Though prosecutors may not be able to land convictions, the treatment that led to Gray's death are hardly new or unfamiliar. There's even a name for it—the "nickel ride"—where police deliberately place a suspect in restraints in a vehicle but don't secure him with seat belts, resulting in him getting bounced around and injured during a lengthy drive around the city.
That it's difficult to prove deliberate intent in such a case is likely exactly why nickel rides happen. The likely outcome here is more tweaking of police policies to try to manage police conduct when securing prisoners in vehicles. But as Ed Krayewski has noted, Baltimore's use of force policies leave much to the discretion of police officers, and it's very clear that the discretion of officers behaving "reasonably" played a major role in the officers' defense. There is a cottage industry in making pretty much any behavior by a police officer seem "reasonable" simply by arguing the officer was concerned for his own safety.

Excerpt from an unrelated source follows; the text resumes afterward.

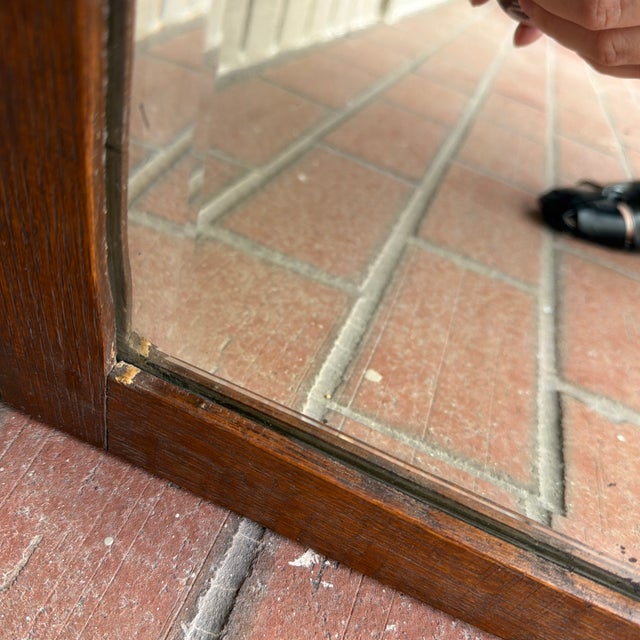 Early 20th Century Hand Carved Oak Wood Mirror Landscape For Sale - Image 5 of 12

Police abuse and now targeted violence against police officers have heightened the most useless parts of this argument—who is more of a victim of this dynamic and who is really the racist and the current level of extremely vicious identity politics. The debate then gets pulled away from a discussion of how much urban policing is really about centralized planning that puts officers in the position of not just fighting crime with identifiable victims, but enforcing regulatory policies designed to raise tax revenue or eliminate behaviors city leaders (and those who influenced them) find distasteful. And in this particular case, the tone of the argument also pulls away from reforms that would end or at least diminish the role of public safety unions in keeping bad police officers form being removed from the force. It may be a reasonable—albeit disappointing—outcome that prosecutors are unable to prove that the recklessness that led to Gray's death rises to criminal intent. That doesn't mean that the city should be unable to get rid of officers who are shown to engage in behavior that endangers the public.